I'm opposed to the day when there are five national brands, or where there’ll only be the health care equivalent of a Wells Fargo or JP Morgan—I like that I can go to my local community bank.
So while every community does not need to be part of a national brand, they might access a national brand for certain kinds of things.
And while there will be more consolidation, I’m one of the voices saying big is not necessarily better. I think we’ll be able to either sell or bring the efficiencies of a national system to a community, but not dwarf them in it.
"I want us to have a brand ... [so] wherever you go in this country, you have Dignity with you."
Q: The vision you're laying out is around growth and innovation, but one of the big tensions today is between growth and austerity. And in health care, we're trying to figure out how to grow and transform—but on less money and, frankly, in very stressed fiscal circumstances.
Dean: I think that’s where we are. Although as much as we are experiencing the pains of this environment, in the end we’re all going to be better off—we’ve been talking about the perils of fee-for-service as long as I’ve been on Earth.
But this is the first time that there's actually a transition going on.
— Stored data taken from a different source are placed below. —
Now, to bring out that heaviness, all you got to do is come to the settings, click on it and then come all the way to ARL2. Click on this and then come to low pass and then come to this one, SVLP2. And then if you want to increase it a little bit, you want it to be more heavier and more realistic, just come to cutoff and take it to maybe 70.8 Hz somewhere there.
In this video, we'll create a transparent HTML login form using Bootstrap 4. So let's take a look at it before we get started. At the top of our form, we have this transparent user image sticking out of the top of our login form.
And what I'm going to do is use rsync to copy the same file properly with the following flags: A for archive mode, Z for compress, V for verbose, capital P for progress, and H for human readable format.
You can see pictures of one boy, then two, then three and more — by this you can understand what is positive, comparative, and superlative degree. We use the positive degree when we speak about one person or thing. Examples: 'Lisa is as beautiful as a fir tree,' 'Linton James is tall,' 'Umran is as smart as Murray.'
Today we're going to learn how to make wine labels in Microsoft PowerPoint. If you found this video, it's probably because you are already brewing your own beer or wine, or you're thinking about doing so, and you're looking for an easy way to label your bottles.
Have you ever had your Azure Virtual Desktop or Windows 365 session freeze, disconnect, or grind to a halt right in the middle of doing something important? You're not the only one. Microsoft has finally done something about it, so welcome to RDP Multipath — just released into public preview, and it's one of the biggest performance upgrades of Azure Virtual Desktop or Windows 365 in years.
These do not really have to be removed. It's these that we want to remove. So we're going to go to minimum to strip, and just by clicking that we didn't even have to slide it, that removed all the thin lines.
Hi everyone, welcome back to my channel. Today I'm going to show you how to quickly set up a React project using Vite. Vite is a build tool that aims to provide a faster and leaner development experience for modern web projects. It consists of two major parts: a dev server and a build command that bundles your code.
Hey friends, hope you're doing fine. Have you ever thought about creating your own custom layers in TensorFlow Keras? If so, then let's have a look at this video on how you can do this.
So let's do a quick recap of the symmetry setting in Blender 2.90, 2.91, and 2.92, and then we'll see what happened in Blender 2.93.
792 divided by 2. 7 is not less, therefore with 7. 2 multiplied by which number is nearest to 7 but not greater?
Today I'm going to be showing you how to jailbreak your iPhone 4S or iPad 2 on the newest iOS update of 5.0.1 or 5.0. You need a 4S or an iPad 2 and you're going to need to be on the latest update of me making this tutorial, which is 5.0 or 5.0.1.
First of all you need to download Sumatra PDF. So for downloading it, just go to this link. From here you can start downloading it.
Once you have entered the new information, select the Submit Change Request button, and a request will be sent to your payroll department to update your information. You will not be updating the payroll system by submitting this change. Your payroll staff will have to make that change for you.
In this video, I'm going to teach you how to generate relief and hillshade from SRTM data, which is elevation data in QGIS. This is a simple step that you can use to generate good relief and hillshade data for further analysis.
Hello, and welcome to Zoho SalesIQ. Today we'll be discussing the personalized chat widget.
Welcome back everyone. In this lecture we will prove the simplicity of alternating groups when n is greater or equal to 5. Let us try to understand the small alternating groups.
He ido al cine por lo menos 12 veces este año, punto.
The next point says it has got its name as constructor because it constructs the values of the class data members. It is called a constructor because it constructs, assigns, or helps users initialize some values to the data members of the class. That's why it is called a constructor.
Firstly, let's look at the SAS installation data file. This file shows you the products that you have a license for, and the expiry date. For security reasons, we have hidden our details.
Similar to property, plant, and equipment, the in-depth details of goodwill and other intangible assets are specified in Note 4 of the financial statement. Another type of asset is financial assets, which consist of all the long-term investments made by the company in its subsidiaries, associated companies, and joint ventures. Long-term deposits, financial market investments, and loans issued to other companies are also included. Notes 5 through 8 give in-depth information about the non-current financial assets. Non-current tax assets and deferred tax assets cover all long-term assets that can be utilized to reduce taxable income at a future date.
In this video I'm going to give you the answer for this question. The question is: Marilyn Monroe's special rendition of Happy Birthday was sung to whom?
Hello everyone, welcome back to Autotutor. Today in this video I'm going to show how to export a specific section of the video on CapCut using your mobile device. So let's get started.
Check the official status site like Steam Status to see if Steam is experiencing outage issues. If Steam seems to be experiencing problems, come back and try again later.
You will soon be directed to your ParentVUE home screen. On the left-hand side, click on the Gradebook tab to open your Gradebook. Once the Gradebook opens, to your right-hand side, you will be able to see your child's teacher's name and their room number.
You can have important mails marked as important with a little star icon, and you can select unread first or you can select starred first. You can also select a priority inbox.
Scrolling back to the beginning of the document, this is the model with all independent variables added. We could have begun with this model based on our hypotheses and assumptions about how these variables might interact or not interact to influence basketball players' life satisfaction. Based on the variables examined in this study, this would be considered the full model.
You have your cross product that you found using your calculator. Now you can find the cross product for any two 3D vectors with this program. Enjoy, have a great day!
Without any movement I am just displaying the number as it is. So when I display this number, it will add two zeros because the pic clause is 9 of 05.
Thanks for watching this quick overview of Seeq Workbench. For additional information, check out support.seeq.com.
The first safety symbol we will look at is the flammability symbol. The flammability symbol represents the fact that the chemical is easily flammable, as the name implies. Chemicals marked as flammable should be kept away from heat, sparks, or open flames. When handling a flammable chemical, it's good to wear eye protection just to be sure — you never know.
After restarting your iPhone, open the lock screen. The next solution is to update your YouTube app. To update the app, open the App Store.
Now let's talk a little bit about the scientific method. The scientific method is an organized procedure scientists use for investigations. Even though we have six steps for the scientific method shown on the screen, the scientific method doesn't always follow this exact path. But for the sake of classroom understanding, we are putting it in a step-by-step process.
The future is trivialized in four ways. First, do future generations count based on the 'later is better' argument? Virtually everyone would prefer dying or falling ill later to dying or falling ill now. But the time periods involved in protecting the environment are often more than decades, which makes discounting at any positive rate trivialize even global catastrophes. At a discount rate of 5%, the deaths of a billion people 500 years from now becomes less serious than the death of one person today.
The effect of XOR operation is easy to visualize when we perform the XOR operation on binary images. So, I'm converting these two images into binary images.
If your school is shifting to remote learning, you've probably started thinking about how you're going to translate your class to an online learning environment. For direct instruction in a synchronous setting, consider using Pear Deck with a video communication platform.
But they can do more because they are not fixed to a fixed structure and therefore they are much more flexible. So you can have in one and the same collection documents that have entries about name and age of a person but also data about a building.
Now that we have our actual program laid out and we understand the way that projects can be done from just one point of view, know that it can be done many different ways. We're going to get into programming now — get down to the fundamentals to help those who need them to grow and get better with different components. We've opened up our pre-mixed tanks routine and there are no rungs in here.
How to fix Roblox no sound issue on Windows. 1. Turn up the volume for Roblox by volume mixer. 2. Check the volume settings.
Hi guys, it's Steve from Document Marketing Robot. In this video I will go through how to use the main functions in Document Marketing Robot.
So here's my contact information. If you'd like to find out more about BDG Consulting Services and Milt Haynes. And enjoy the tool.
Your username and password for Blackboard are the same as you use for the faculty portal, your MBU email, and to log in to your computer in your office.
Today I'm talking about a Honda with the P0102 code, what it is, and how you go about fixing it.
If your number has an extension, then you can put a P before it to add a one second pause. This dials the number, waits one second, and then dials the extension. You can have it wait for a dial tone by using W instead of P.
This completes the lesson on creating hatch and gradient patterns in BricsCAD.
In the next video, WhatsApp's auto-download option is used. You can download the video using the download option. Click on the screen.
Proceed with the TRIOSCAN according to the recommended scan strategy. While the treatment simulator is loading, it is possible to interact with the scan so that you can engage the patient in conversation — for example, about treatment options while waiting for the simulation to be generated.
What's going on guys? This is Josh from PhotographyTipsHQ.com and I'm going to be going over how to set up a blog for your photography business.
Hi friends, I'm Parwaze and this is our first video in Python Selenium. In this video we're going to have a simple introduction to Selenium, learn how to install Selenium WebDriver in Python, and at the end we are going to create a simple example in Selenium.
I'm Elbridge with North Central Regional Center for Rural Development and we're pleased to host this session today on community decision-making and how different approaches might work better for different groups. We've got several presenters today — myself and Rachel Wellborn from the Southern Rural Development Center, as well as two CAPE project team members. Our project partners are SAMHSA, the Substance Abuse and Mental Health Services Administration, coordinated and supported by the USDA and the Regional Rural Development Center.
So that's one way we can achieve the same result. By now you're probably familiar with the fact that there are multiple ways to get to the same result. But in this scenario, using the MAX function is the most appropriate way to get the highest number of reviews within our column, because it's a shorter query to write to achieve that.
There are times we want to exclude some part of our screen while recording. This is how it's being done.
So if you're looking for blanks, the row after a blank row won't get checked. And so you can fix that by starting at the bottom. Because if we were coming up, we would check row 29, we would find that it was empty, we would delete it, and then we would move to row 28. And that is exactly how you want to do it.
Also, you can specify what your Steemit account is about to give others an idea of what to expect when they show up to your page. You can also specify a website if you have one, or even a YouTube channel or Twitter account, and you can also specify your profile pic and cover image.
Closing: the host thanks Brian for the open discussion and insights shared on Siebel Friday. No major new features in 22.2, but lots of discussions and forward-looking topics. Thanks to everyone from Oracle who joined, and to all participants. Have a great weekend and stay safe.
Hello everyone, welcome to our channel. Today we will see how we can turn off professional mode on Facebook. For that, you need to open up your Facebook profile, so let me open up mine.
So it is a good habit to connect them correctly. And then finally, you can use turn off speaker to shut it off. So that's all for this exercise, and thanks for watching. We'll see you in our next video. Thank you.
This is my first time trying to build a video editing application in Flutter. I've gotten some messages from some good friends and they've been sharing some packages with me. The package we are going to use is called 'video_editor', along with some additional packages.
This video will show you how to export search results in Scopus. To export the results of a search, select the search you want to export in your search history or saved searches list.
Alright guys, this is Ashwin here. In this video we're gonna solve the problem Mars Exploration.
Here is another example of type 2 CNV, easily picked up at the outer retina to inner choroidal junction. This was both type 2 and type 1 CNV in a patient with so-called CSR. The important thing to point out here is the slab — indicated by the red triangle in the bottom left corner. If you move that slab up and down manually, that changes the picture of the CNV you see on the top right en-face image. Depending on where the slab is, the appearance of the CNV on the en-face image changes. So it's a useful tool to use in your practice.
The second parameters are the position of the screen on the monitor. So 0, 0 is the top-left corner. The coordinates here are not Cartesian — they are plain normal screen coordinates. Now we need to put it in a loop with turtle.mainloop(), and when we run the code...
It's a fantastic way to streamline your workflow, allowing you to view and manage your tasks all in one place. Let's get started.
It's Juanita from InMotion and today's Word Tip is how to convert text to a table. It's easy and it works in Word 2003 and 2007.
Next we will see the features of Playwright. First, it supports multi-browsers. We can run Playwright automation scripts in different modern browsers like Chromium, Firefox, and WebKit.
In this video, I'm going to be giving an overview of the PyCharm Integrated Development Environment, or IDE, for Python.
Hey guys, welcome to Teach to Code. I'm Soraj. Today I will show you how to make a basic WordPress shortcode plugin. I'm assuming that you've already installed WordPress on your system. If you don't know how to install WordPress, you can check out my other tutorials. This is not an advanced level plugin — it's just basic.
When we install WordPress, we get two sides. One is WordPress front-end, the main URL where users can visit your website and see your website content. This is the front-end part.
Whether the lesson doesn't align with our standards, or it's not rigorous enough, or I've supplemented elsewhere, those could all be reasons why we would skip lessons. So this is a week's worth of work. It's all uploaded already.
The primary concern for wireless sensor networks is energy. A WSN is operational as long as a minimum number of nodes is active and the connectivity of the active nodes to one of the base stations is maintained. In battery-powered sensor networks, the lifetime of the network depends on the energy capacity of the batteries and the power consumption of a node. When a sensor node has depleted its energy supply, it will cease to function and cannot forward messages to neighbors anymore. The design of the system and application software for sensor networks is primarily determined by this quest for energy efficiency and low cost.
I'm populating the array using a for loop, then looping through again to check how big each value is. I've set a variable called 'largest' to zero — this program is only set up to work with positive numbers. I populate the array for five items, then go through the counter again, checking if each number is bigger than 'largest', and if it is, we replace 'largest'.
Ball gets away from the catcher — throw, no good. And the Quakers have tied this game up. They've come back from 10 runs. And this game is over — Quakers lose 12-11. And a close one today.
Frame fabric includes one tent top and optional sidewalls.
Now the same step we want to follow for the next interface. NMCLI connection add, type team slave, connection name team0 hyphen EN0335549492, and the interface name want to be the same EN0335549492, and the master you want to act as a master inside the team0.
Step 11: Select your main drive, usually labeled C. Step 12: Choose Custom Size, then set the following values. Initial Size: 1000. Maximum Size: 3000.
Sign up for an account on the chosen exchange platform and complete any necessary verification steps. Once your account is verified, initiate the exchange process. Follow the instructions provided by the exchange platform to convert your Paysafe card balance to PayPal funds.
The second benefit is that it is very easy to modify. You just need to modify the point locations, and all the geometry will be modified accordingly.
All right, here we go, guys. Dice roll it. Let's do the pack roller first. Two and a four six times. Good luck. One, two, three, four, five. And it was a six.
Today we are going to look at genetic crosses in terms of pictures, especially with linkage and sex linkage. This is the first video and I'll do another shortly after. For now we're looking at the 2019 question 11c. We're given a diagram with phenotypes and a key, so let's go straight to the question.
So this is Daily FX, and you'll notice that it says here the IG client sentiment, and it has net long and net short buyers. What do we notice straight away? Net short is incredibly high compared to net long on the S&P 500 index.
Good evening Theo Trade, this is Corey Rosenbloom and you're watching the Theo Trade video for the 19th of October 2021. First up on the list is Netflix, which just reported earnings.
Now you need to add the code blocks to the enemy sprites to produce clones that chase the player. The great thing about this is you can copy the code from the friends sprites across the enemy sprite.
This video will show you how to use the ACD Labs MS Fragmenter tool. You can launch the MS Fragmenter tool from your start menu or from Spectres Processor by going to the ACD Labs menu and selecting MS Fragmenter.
So regardless of what you think about the legislation, it is forcing some of the changes that we've made.
Yet I think our best days are ahead of us. We can’t sustain this; the consumers can’t sustain it.
Remember, the most significant changes in the history of the US have been revolutionary—few have been evolutionary. Look at civil rights, look at women’s suffrage. They were all gut-wrenching and soul-searching moments.
In the U.S., we don’t change until there’s a significant force that causes it. We don’t do things because it’s the nice thing to do. We do it when some groups come together or when we reach our pain threshold.
Looking ahead
Q: We began this conversation talking about your background, coming from a community that was under-resourced. Do you worry about those kinds of communities in a world where health system transformation may create winners and losers?
Dean: I absolutely do. I think one of the flaws in health care—even in our current legislation, which I say to the president and anybody that’ll listen—is that we’re back to this idea of "build it and people will come. "
We can create access to insurance, but that doesn't mean the most vulnerable patients are going to sign up. That doesn’t mean the care is going to be there.
So we’ve got to create some momentum for people to sign up, or we’re going to have these great exchanges and it’ll be like a factory that can make all kinds of wonderful things, but there’s no one purchasing the products.
And I worry about the most vulnerable getting caught up in it. The exchanges are a pretty complex proposition. How do we simplify that so those that we want to access it understand it and see the benefits?
And how do we tell patients the truth that, at this moment, their costs may be higher, before we can undergo [the transformation] to take them proportionately lower?